Que não haja memória do que se fez neste país – de bom como de mau – só leva a que tudo mergulhe num feroz segredo, uma incapacidade de ser presente, sendo tudo embrulhado em teias de aranha e remetido a um hipotético futuro. A sensação, quando se descobre algo, é de que tudo foi há mais tempo, embora essencialmente as coisas permaneçam na mesma. Também por isso, a arqueologia de um passado não muito distante se torne mais compensadora que aquele ensejo, renovado a cada geração, de fazer algo de novo ou original. Infelizmente, isto também quer dizer que só raramente alguém neste país tem direito a intervir no seu tempo. O que nos diz que à cultura de cada época pertence um país subterrâneo, os vasos comunicantes que se ligam num sentido mais profundo do que aquele que é respirado à superfície.

“Criticar: eis a nossa função positiva” – foi este o signo sob o qual soube inscrever-se a acção inconformada do periódico & etc, nos 26 primeiros números, enquanto suplemento literário do Jornal do Fundão (1967-1971) e, numa fase posterior, autonomamente, como magazine cultural, contando com mais 25 números (1973-1974) em vésperas da revolução.
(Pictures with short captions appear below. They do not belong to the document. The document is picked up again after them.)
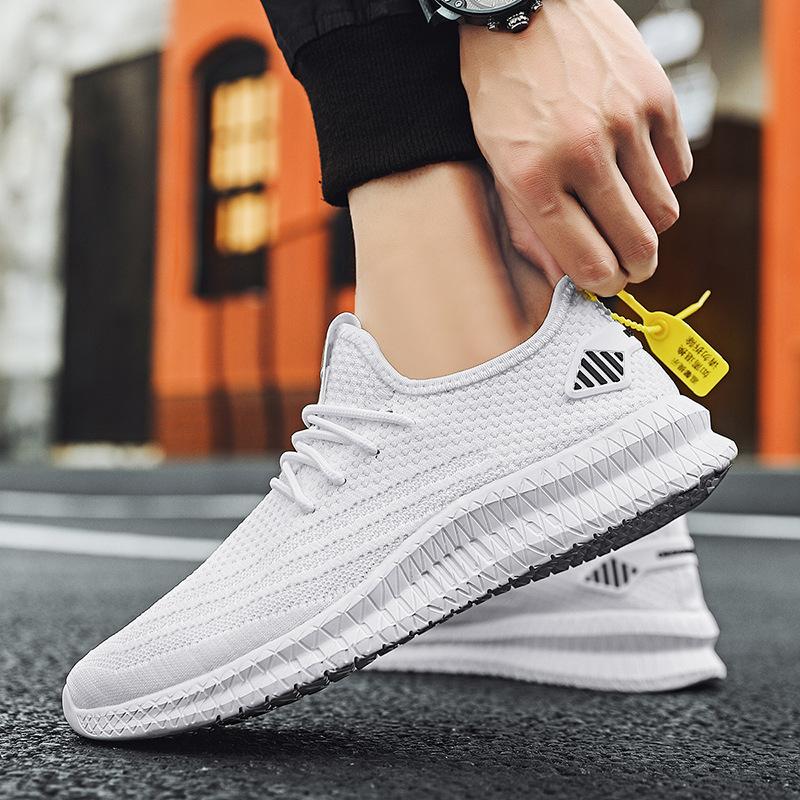 Summer fly-woven sports shoes men's shoes breathable casual shoes 2020 new trend mesh light shoes men's running shoes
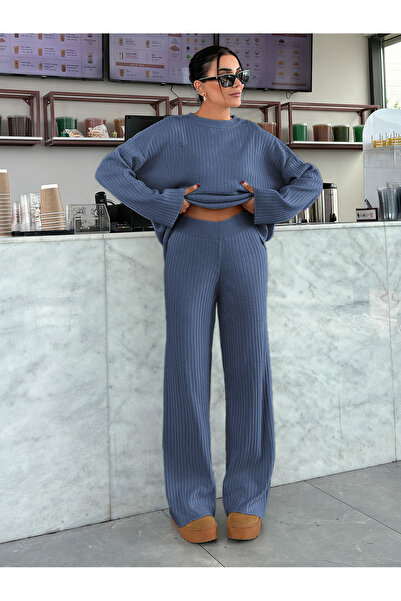 Basko fashion Set de tricotaje albastru cu șuruburi în partea de jos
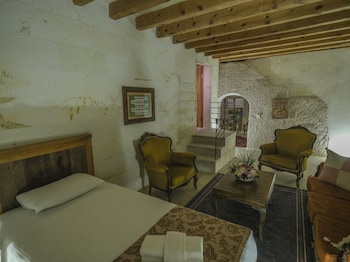 kalsedon cave suites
Vitor Silva Tavares (VST) teve o enormíssimo mérito de criar as condições para que nascesse um espaço de não resolução, “de negação pura e dura”, uma margem de afastamento em que a ruptura não se organiza em cerco salivante às “zonas de ocupação”, ajudando às ruínas, com a ambição de se lhes revezar.

Havia por parte do editor, desaparecido em 2015, uma consciência clara de que a urgência fundamental num país aclimatado à sufocação, em que a lei da gravidade não apenas puxa para baixo mas ainda vertigina de forma concentracionária, mais do que propor alternativas, mais do que uma vontade subordinada, é devolver à liberdade os seus instintos, a natureza que lhe corresponde no estado selvagem.

Fiel à embrionária motivação de resistência ao salazarismo, a “folheca cultural q.b.” levou a subversão à letra, traduzindo-se naqueles gestos que, na moagem das etiquetas, são entendidos como os mais feios por porem em campo a matilha com faro para as falhas de carácter, o oportunismo, a tacanhez, a lógica censória que sobreviveu à vontadinha ao perfume dos cravos. VST regozijava-se pelo facto de, não tendo obtido grande acolhimento junto da “saraivada de ‘revolucionários’ curtos que o 25 de Abril fez desabrochar”,  este magazine ter definido um campo de acção animado pela tal ganância da liberdade, imprevisível e “pluralmente sectária, ao livre arbítrio e fisgada própria dos seus sequazes – capelinha sem cisma à vista por ausência de dogma & papa”.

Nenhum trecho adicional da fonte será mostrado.